3 forks. East cowpen. You will definitely be able to get away from people.


----------



## deathwish (Dec 7, 2021)

kevin17 said:


> 3 forks. East cowpen. You will definitely be able to get away from people.


Been looking at a topo map, there is a 4wd around cowpen mountain can that be traveled during the hunts, you could get away from people in this area also. Was also looking at rough creek around bald mountain, familiar with area?


----------



## Professor (Dec 7, 2021)

deathwish said:


> Been looking at a topo map, there is a 4wd around cowpen mountain can that be traveled during the hunts, you could get away from people in this area also.

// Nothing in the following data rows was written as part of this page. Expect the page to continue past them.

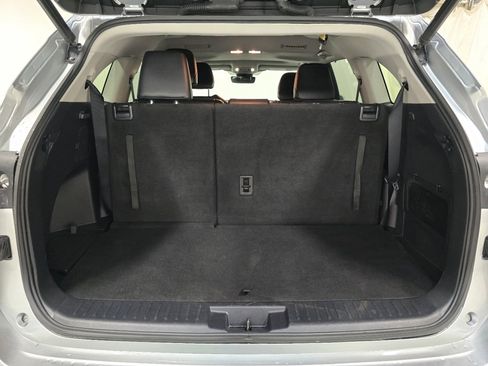 Used 2021 Toyota Highlander XLE image 18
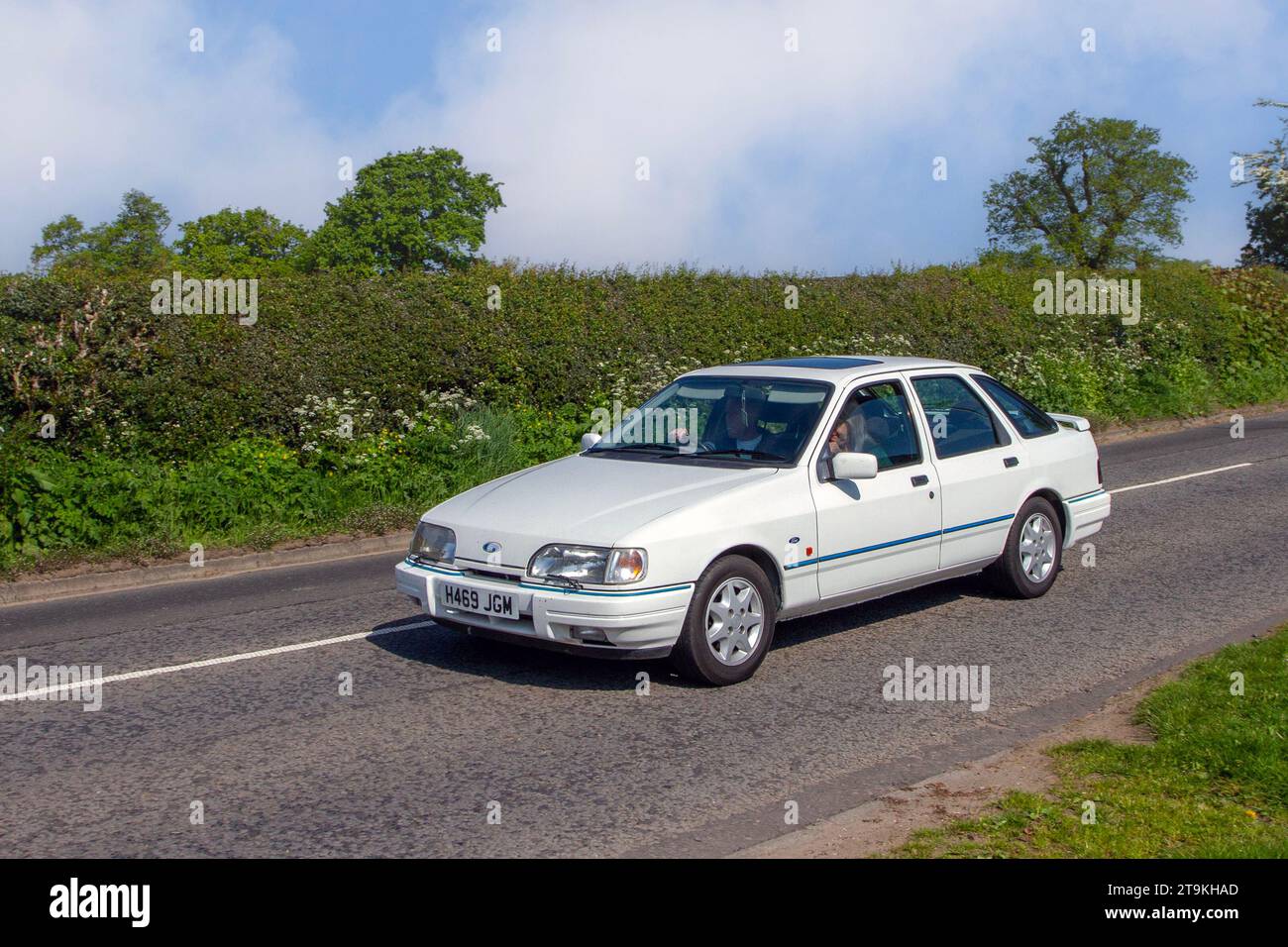 Années 1990 90 blanc British White Ford Sierra Xr4x4 I, berline à quatre portes essence 2933 cc, moteur V6 avec injection mécanique (Bosch K Jetronic) couplé à la propulsion ; Vintage, moteurs classiques restaurés, collectionneurs automobiles passionnés d'automobile, voitures historiques vétérans voyageant dans le Cheshire, Royaume-Uni Banque D'Images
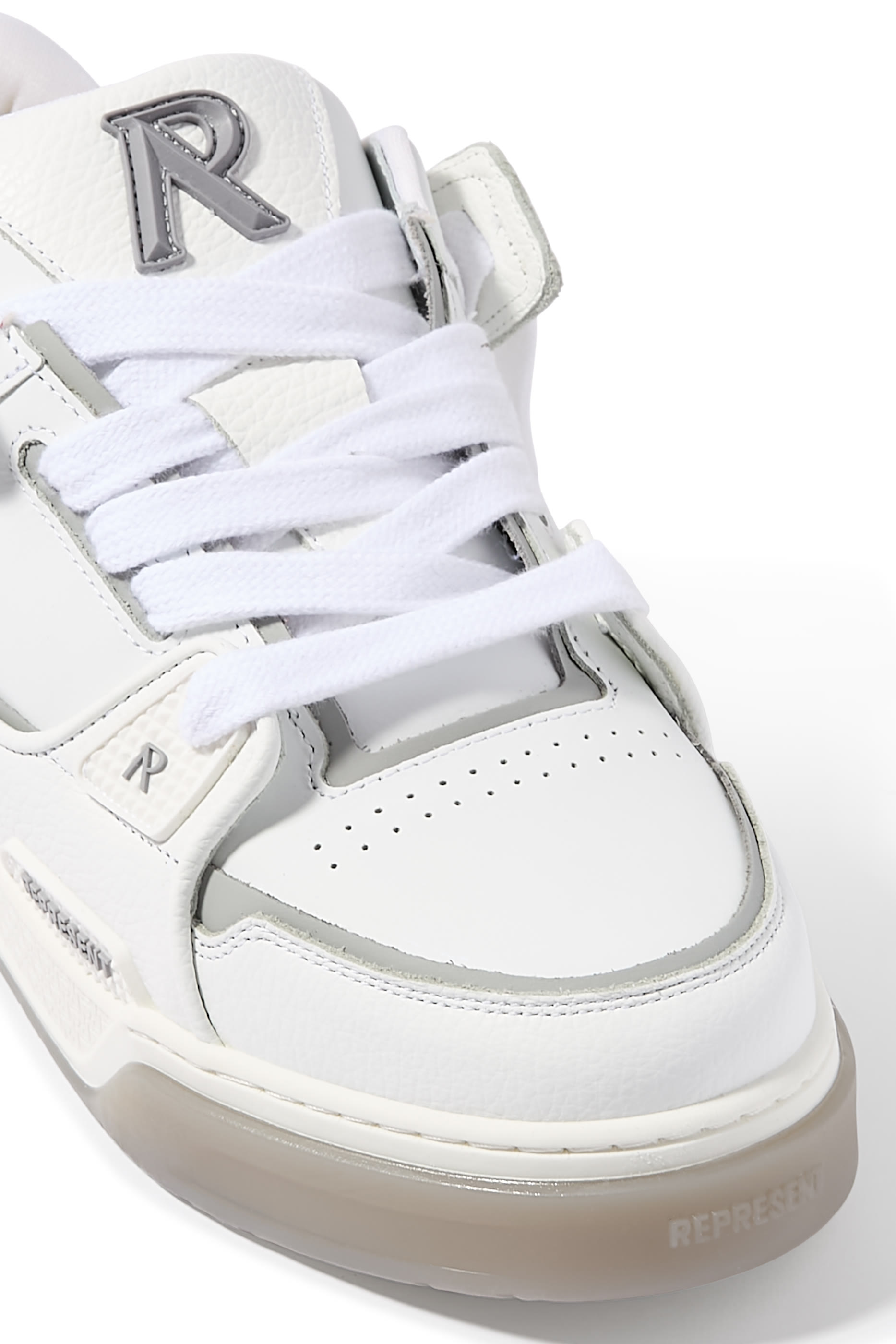 سنيكرز ستوديو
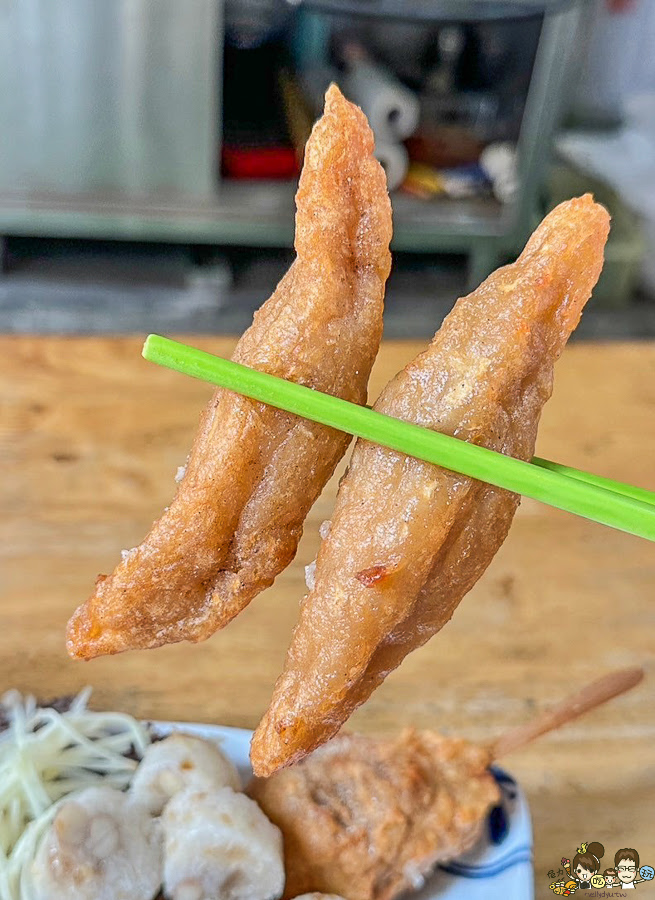 東港旗魚甜不辣 正忠市場 市場美食 必吃 魚漿 手工 黑輪 旗魚黑輪 糯米腸 湯 平價 好吃 推薦 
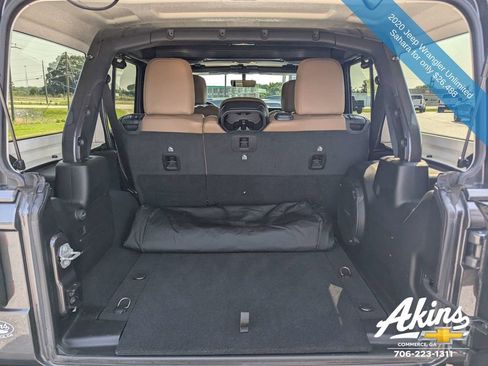 Used 2020 Jeep Wrangler Unlimited Sahara AWD/4WD image 13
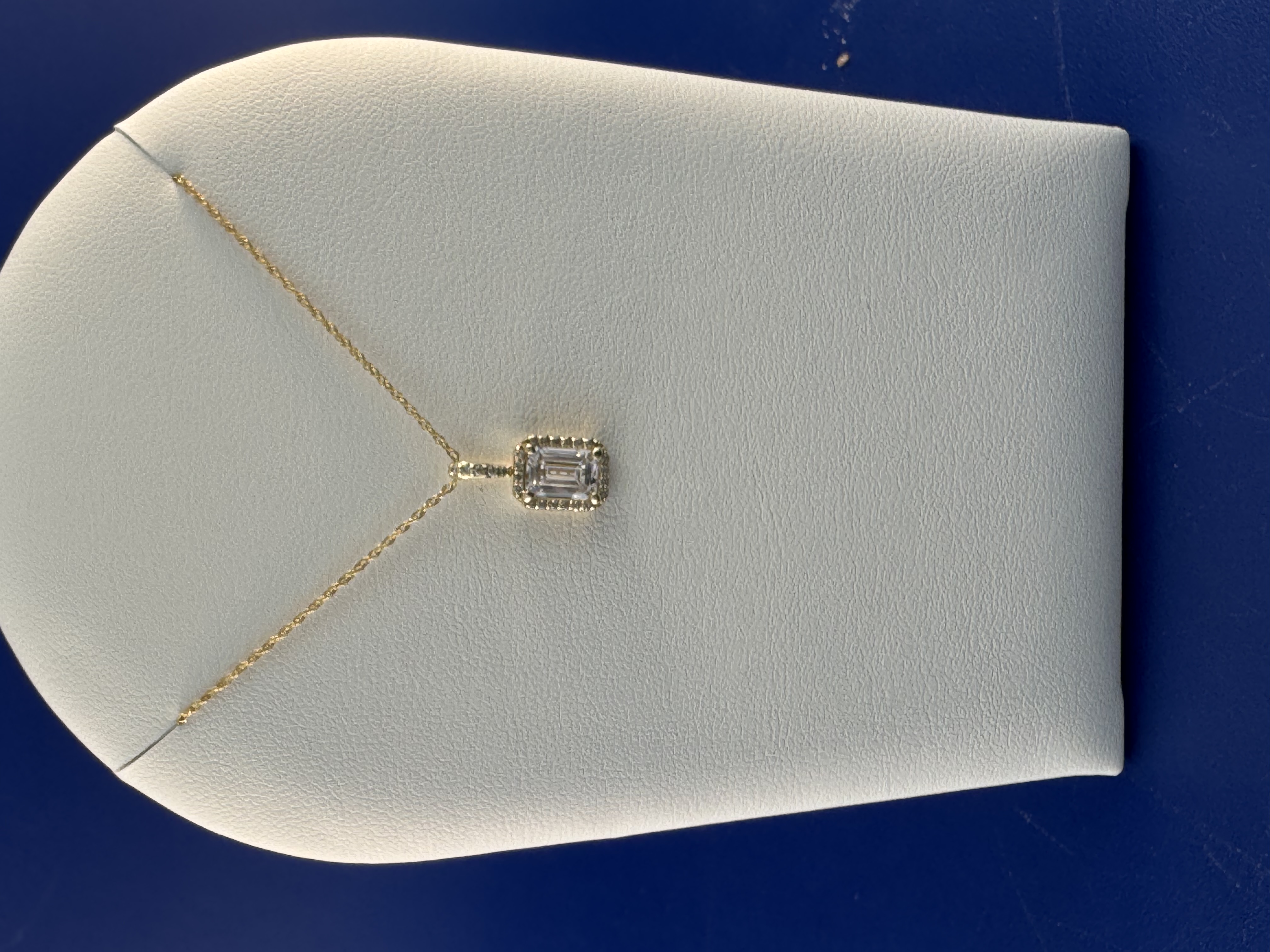 14 ct yellow gold emerald cut lab grown diamond halo pendant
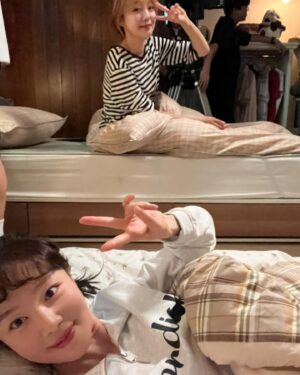 Han Seon-hwa Instagram - 안녕~은하👧👋👏💛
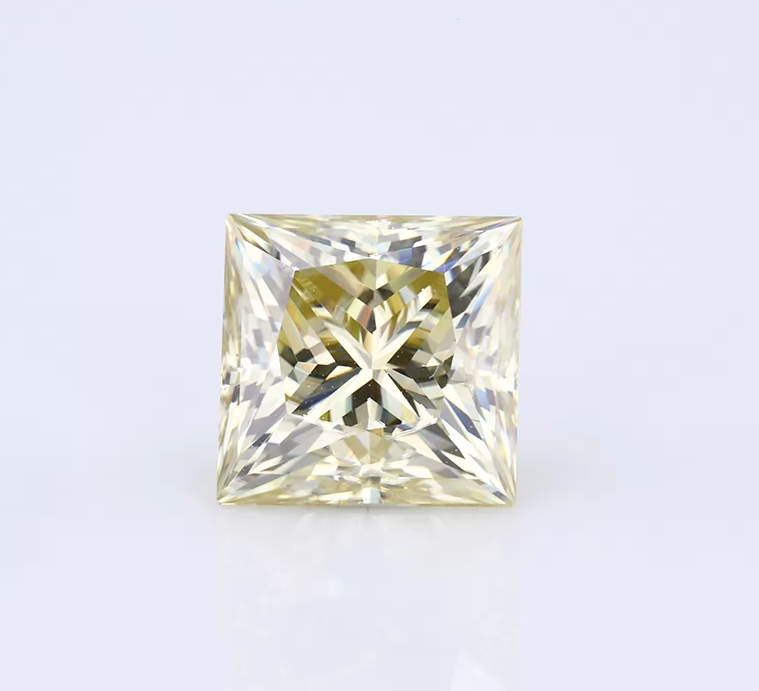 Pros and cons of choosing moissanite for an engagement ring by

Was also looking at rough creek around bald mountain, familiar with area?


It is not hard to get away from people. Nearly everyone is within 200 yards of the rd. Camping away from everyone is difficult.


----------



## whitetailfreak (Dec 7, 2021)

Just be aware that it is archery only for the remainder of the season.


----------



## deathwish (Dec 7, 2021)

whitetailfreak said:


> Just be aware that it is archery only for the remainder of the season.


yea, Iwas going to try for next year.


----------



## whitetailfreak (Dec 7, 2021)

The pressure will be light for the remainder of the season. Try to go on days with warmer than average temps and look for sign in food plots (even the ones close to the rd).


----------



## whitetailfreak (Dec 7, 2021)

deathwish said:


> yea, Iwas going to try for next year.



10/4, I thought you were looking to go late season. Good luck to you, and kill em' all!


----------



## kevin17 (Dec 7, 2021)

deathwish said:


> Been looking at a topo map, there is a 4wd around cowpen mountain can that be traveled during the hunts, you could get away from people in this area also. Was also looking at rough creek around bald mountain, familiar with area?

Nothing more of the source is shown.